Doctors, Patients Should Discuss, Investigate Vague Symptoms

WebMD Health News

June 8, 2004 -- New research sheds light on symptoms of ovarian cancer, often referred to as a "silent killer." A cluster of symptoms -- increased bloating and abdominal size, pressure to urinate, constipation, and abdominal pain -- should not be overlooked, say study authors.

"Women need to be aware of this cluster [of symptoms]," researcher Lynn S. Mandel, PhD, with the department of obstetrics and gynecology at the University of Washington in Seattle. "It doesn't mean they have ovarian cancer. But the symptoms should be investigated to see what it is. It could be a malignancy, or it could be something else -- an ovarian cyst or endometriosis."

Mandel's study, which appears in this week's Journal of the American Medical Association, should also be a wake-up call for doctors, says Ira Horowitz, MD, vice chairman and director of gynecologic oncology at Emory University's Winship Cancer Institute in Atlanta.

"Ovarian cancer is very silent in the early stages ... any symptoms are usually vague, nonspecific, and doctors tend to blow them off," Horowitz tells WebMD. "This study tells us that we need to heed those vague symptoms. They are screaming for our attention. We need to think of ovarian cancer first -- not last."

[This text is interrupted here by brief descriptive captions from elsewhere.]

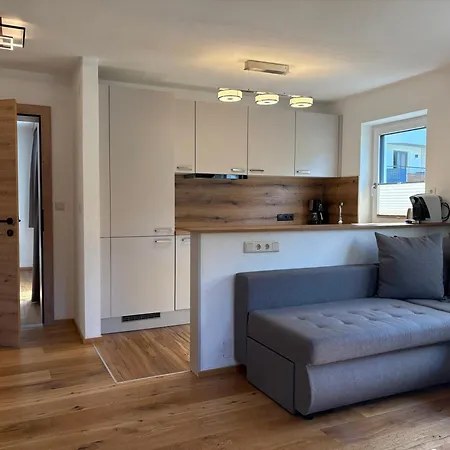 Lejlighedshotel Sunnhaeusl Sölden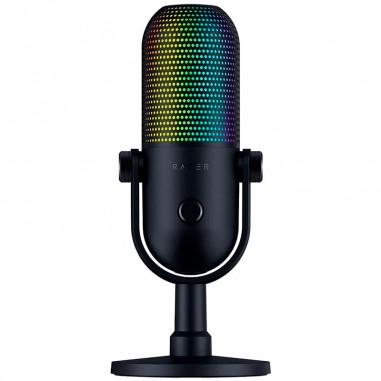 Micrófono Razer Seiren V3 Chroma - Negro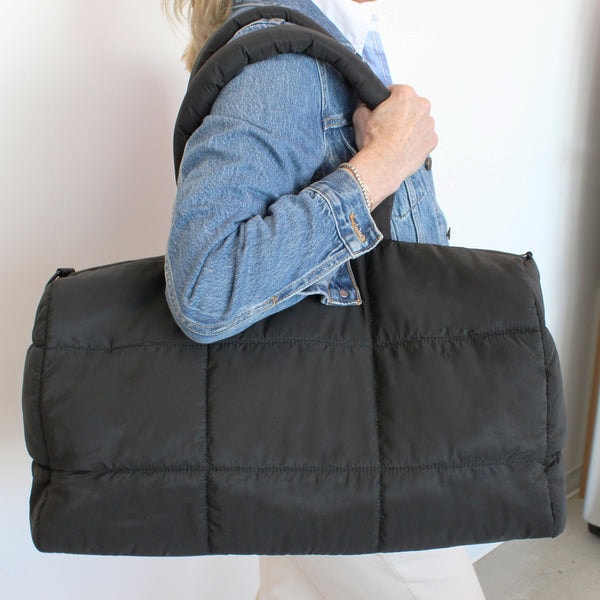MYTAGALONGS Cloud Duffle Review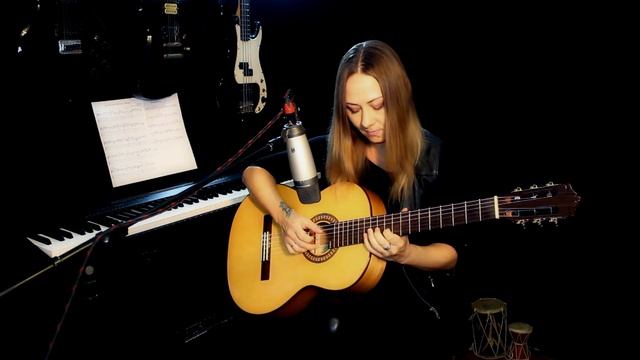 It's My Life - Bon Jovi | Guitar Cover смотреть онлайн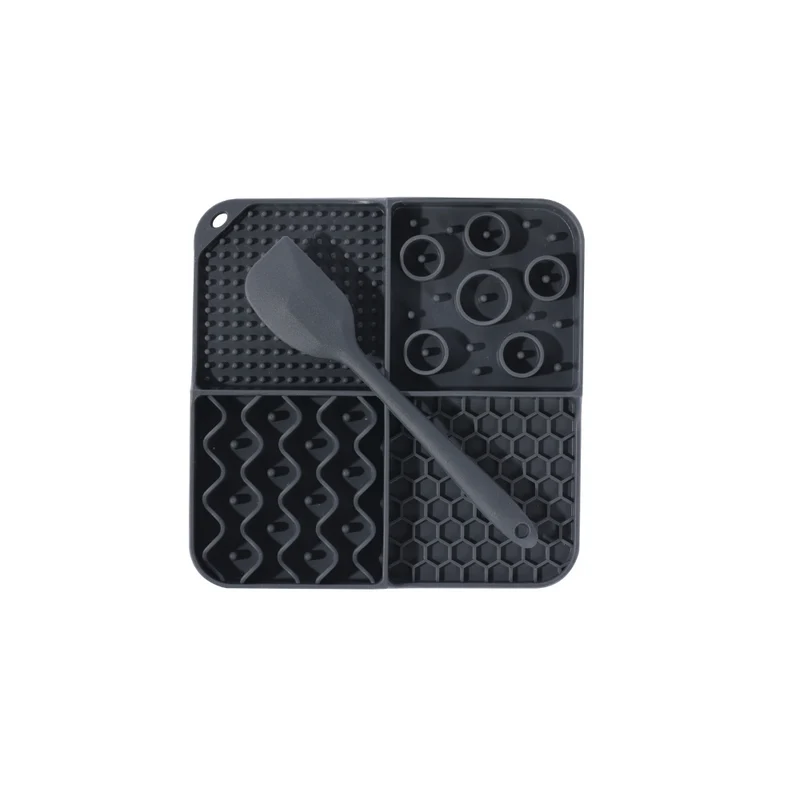 LECCAMAT+ Scoop Set Black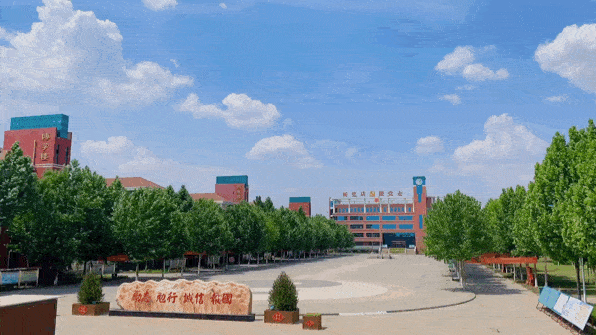 温县第一高级中学图片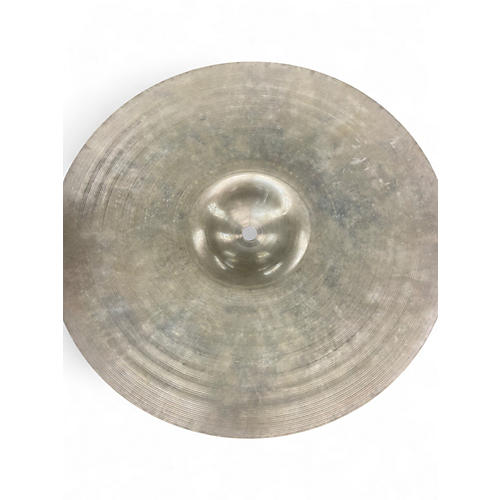 Used Zildjian 13in A DYNO BEAT BOTTOM/A CUSTOM TOP Cymbal 31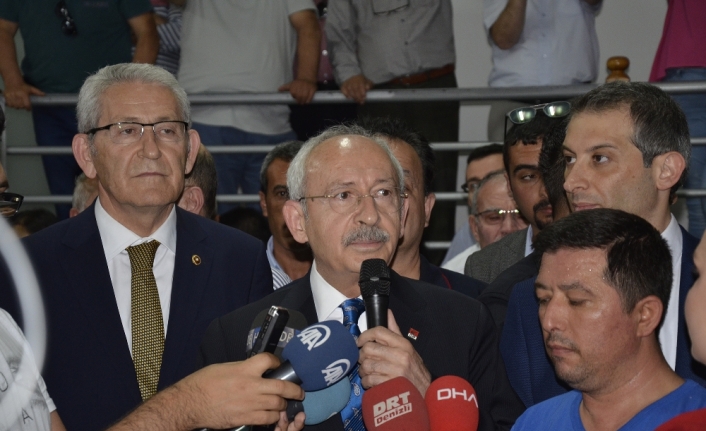 Kılıçdaroğlu’ndan "asgari ücret 2 bin 200 TL olacak" sözü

Indeed, many women see numerous doctors for their symptoms, including gastrointestinal specialists, before ovarian cancer is even suspected. And, unfortunately, the symptoms are most noticeable when cancer is advanced -- not in the early stages, Horowitz tells WebMD. "When the mass [in the ovary] is significant in size, that's when symptoms are more intense. Then it's too late."

It all points to the need for better -- and ongoing -- doctor-patient communication, writes Mary B. Daly, MD, PhD, in an accompanying editorial. "The early diagnosis of ovarian cancer must rely on the elusive practice of [the doctor's] judgment ... and thoughtful dialogue between patient and physician."

"Women know their bodies, and when something changes, they need to make sure the physician is aggressive in evaluating it," Horowitz says.

Frustrating, Deadly Disease

Ovarian cancer has long frustrated doctors and their patients, writes Mandel. Very few cases of ovarian cancer are caught in the early treatable stages -- and chances of surviving late-stage ovarian cancer is poor.

The reason: There has been no clear pattern of symptoms. For many women, the symptoms are so common and vague that they don't realize anything is wrong. In fact, not all women even have symptoms.

Mandel's research group and others have attempted to unravel this mystery. In an earlier study, her group found a pattern of gastrointestinal and abdominal problems, pain, fatigue, and urinary difficulties that seemed fairly predictable.

This new study attempts to pinpoint the pattern more closely. The survey asked about a variety of symptoms that are often dismissed as unimportant: pelvic, abdominal, and back pain; indigestion; bloating and increased abdomen size; urinary and bowel problems, menstrual problems, and problems during intercourse (like pain or bleeding); and fatigue and leg swelling.